Colbert doesn’t see it that way, and he made his feelings crystal clear Wednesday at the NFL Combine.
Colbert took exception when a reporter asked about the off-field antics that have engulfed the Pittsburgh Steelers in recent seasons.
“I really don’t agree with the perception that there is huge drama within the Pittsburgh Steelers locker room,” Colbert said.
Issues about the team’s culture were raised again with Antonio Brown’s trade request and his criticism on social media of quarterback Ben Roethlisberger and coach Mike Tomlin. Roethlisberger’s leadership was called into question, prompting Colbert last week to call the quarterback the “unquestioned leader” on the team. Brown’s antics led to questions about whether Tomlin had lost control of the team.
“Coach Tomlin treats our players like men,” Colbert said. “He gives them the opportunity to be a man. He tries to grow them not only as professional football players, but as fathers, as brothers, just as men. I really have a complete disagreement that the perception that our locker room is anything but very functional.”
Colbert was asked whether he has learned any lessons over the past two years in terms of how to deal with players such as Brown and holdout running back Le’Veon Bell in the landscape of building a team.
“We want players to grow into great players, Pro Bowlers, potential Hall of Famers,” Colbert said. “What we’re learning is, it’s a different world. … Social media has changed things. Branding has changed things. We have to do a better job of managing young players as they grow into megastars. That is something we’re learning on the fly. It’s a little more relevant this year because of Le’Veon’s situation and Antonio’s situation. The lesson is maybe we’ve got to catch these guys when they are young.

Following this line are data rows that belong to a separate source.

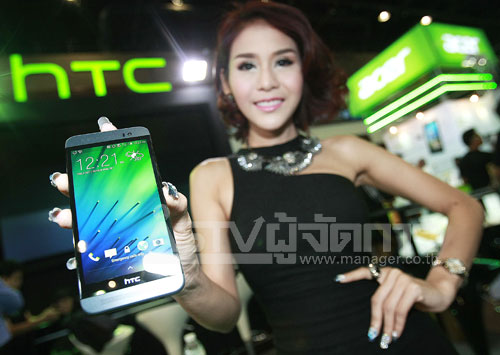 พริตตี้เน้นๆ กับงาน Thailand Mobile Expo 2014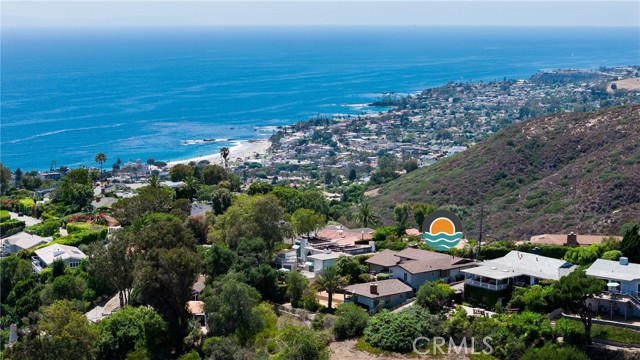 1961 Temple Hills Drive, Laguna Beach CA: https://media.crmls.org/medias/a0b4d0ef-321c-4a74-818e-0d4c867d48fe.jpg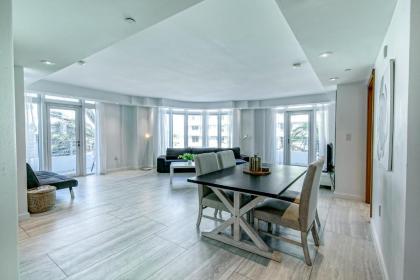 Modern Ocean Drive Condo in the Heart of Sobe! - image 5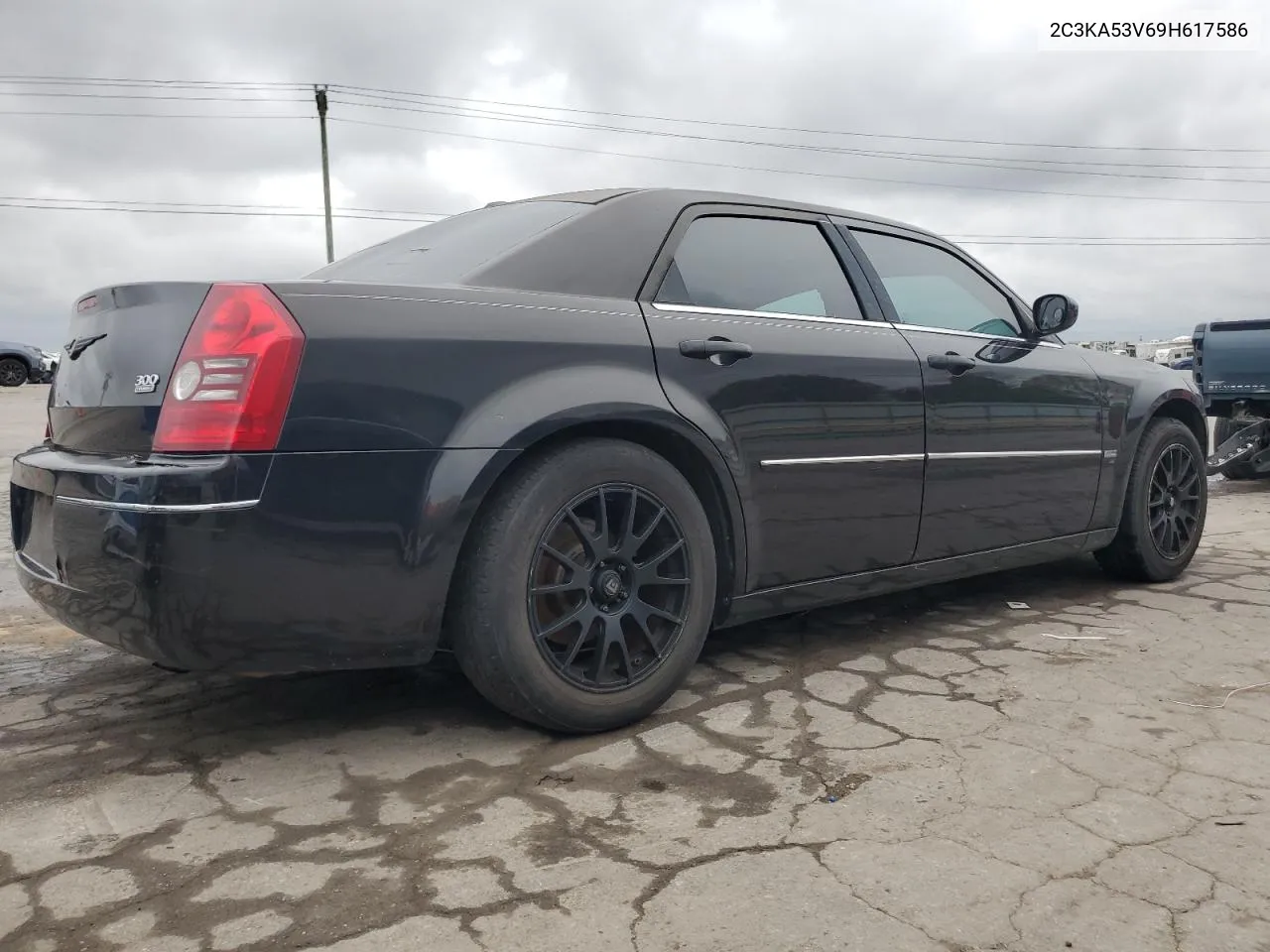 2009 Chrysler 300 Touring VIN: 2C3KA53V69H617586 Lot: 72804704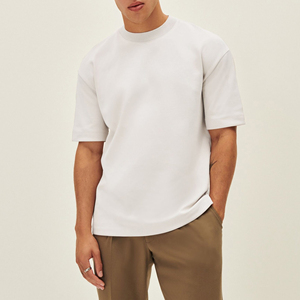 Camisetas de Hombre de Alta Calidad, Corte Ajustado, Poliéster/Algodón, Logotipo Personalizado Impreso, Secado Rápido, Transpirables, Ecológicas, Color Liso - Product Image 1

“Again, coach Tomlin is great at cultivating a young player into a young man and a great professional.”
Colbert found himself as part of a national discussion last week when he referenced Roethlisberger winning a Super Bowl and the team’s other players as “52 kids.”
Colbert said those criticizing him for the wording likely didn’t hear the entirety of his 30-minute interview. He said similar words were used during exits interviews with players after the season and that the same message was relayed to team captains Maurkice Pouncey and Cameron Heyward.
“Anytime I say anything in the media, I’m not afraid to say it to our players,” Colbert said, “and I probably have prior to that.”